The URL for this very informative article http://www.azstarnet.com/star/sun/acc.html
was submitted to “Native Unity” by Tucsonan Marinell deGraffenreid. which appeared in the November 30th issue of “The Arizona Daily Star”.

It is actually two accounts relating to Baboquivari. The main article is from a spiritual /historic point of view written by Star reporter, Douglas Kreutz. The second describes
the experiences encountered by University of Arizona anthropology researcher, Rebecca Toupal, on ‘Climbing A Sacred Mountain’.

.

Monday, December 01, 2003

Tohono O'odham Native Foods

‘Eat Your Medicine’ is the headline for a December 1st story
in “The Arizona Republic” in the fight against four common diseases: Cancer, heart disease, osteoporosis and diabetes.

Diabetes and obesity are the greatest threat to the health of the Tohono O’odham since the tribe has forsaken its natural food diet and latched onto a high fat diet and the fast-food way of life.

Overweight, along with family history, are the biggest risk factors in diabetes and it’s important to stay active. The road back to healthy living is the route many of the tribal members are currently taking in the return to traditional foods though their Community Action program.

Tohono O’odham traditional food advocates from Southern Arizona mainly draw their knowledge from the work of Lebanese-American botanist Gary Paul Nabhan who was the recipient of a MacArthur Fellowship in 1990 and founded Native Seeds/SEARCH Program. The Tucson-based organization works to preserve native plants in the deserts in the southwest U.S. and northwest Mexico. It provides seeds to various groups including the O’Odhams for their Papago Farms Project.

The traditional Tohono O’odham diet relied on crops cultivated during the summer as well as plants gathered from the desert.

CULTIVATED CROPS:

Bawi* - (brown and white tepary beans).
These beans are high in protein and taste meaty. White tepary beans are slightly sweeter than the brown variety.

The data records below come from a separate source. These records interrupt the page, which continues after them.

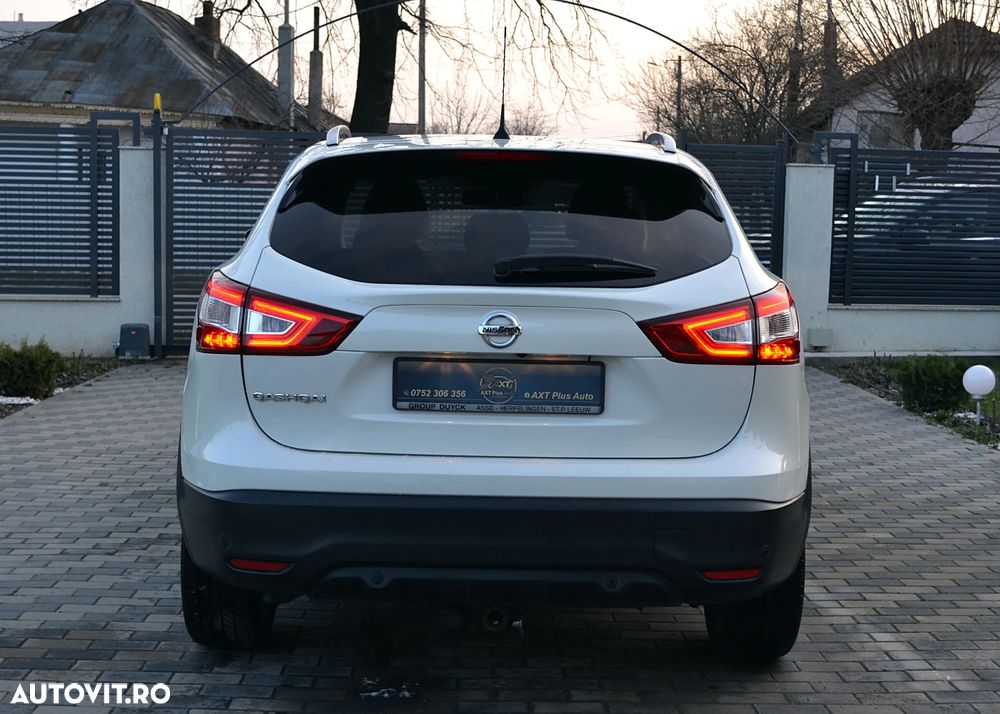 Nissan Qashqai 1.5 DCI TEKNA - 8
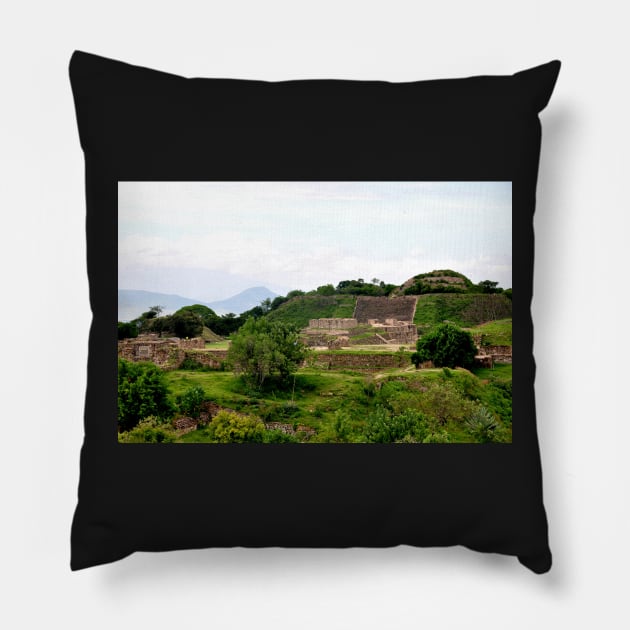 Site archéologique de Monte Alban, Oaxaca Mexique Pillow by franck380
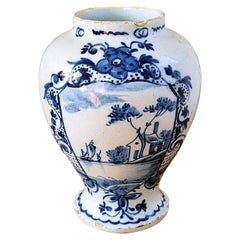 Vaso antico olandese di Delft con scena fluviale, XVIII secolo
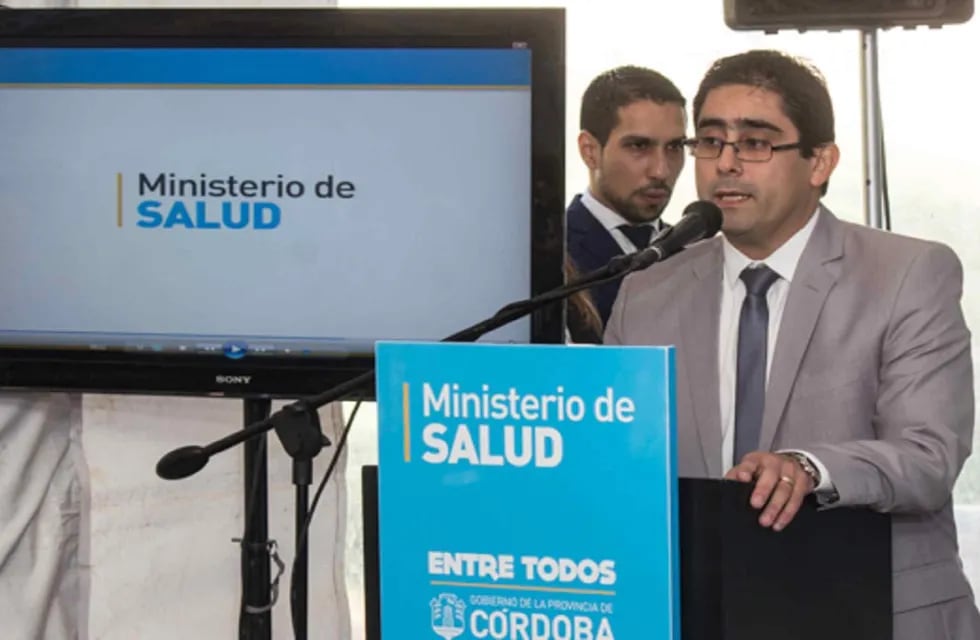 Diego Cardozo, ministro de Salud de la Provincia, fustigó las voces que ponen "en duda la el funcionamiento del sistema de vacunación".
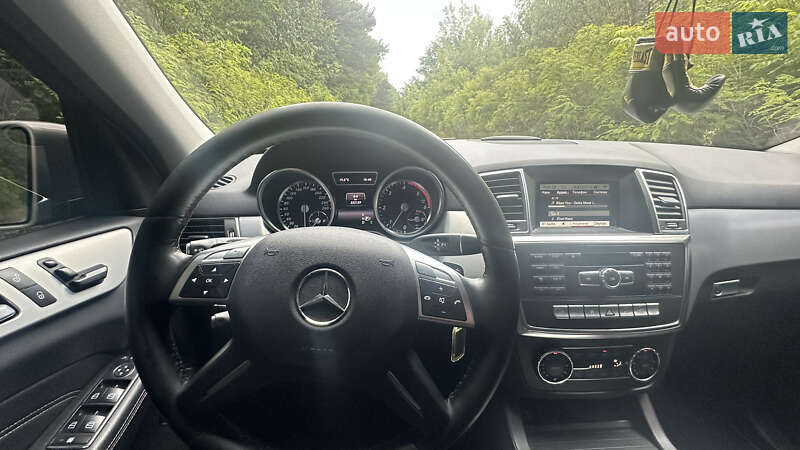 Внедорожник / Кроссовер Mercedes-Benz M-Class 2013 в Ковеле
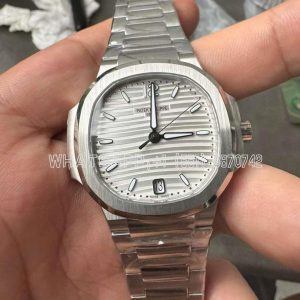 Patek Philippe Nautilus 7118 Ladies SS White Dial on SS Bracelet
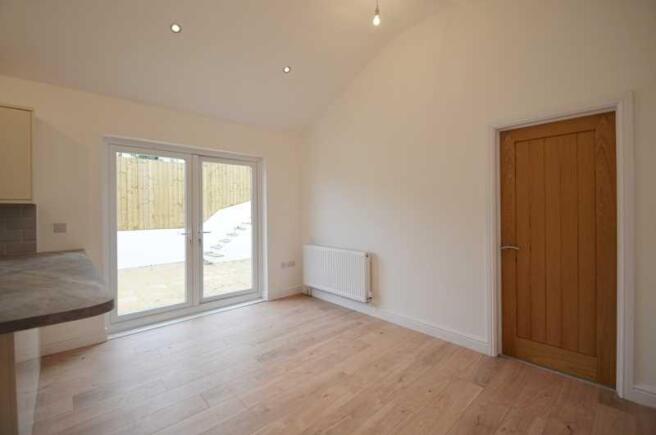 KITCHEN/LOUNGE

Ke:li baso – (O’odham cantaloupe)
This wrinkly-skinned cantaloupe is also known as “old woman’s knees” or “old man’s chest”. It’s juicy flesh tastes like a cross between a regular cantaloupe and cucumber.

Ha:l – (O’odham squash)
The young squash is light yellow and similar to zucchini. It is sauteed or steamed. The mature squash is more like an orange-fleshed winter squash and is often steamed with brown sugar.

Milon – (O’odham watermelon)
This watermelon has sweet yellow flesh instead of the more common red flesh.

H’un – (O’odham corn)
This white-kernel corn is 6 inches long and takes only 60 days to grow as part of its adaptation to the desert’s short summer rains. The kernels are dried and cooked into a savory gruel.

DESERT BOUNTY:

Mesquite Pods
These are chewed raw, ground to make gruel or boiled in water to make a sweet drink. They are believed to be a good source of calcium. Manganese, iron and zinc.

Bahidaj (saguaro fruit)
Moist and sweet, these are harvested in June and July, eaten fresh or made into sryup, jam, snacks and wine. Saguaro seeds contain protein and fat. Bahidaj sitol (saguaro fruit syrup) tastes like molasses.

Prickly Pear Fruit
These are eaten fresh, or the juicy pulp is sun-dried , mashed and dried to make syrup. Prickly pear fruit is mild tasting and believed to be a good source of water and calcium.

Ciolim (Cholla buds)
These are picked and, after the spines are removed, roasted, sun-dried and stored. They are rehydrated by boiling in water and eaten plain or sauteed. Cholla buds taste like mild asparagus tips and are believed to be high in calcium.

This story was edited, in part, from an article in The Arizona Republic bylined Chen May Yee.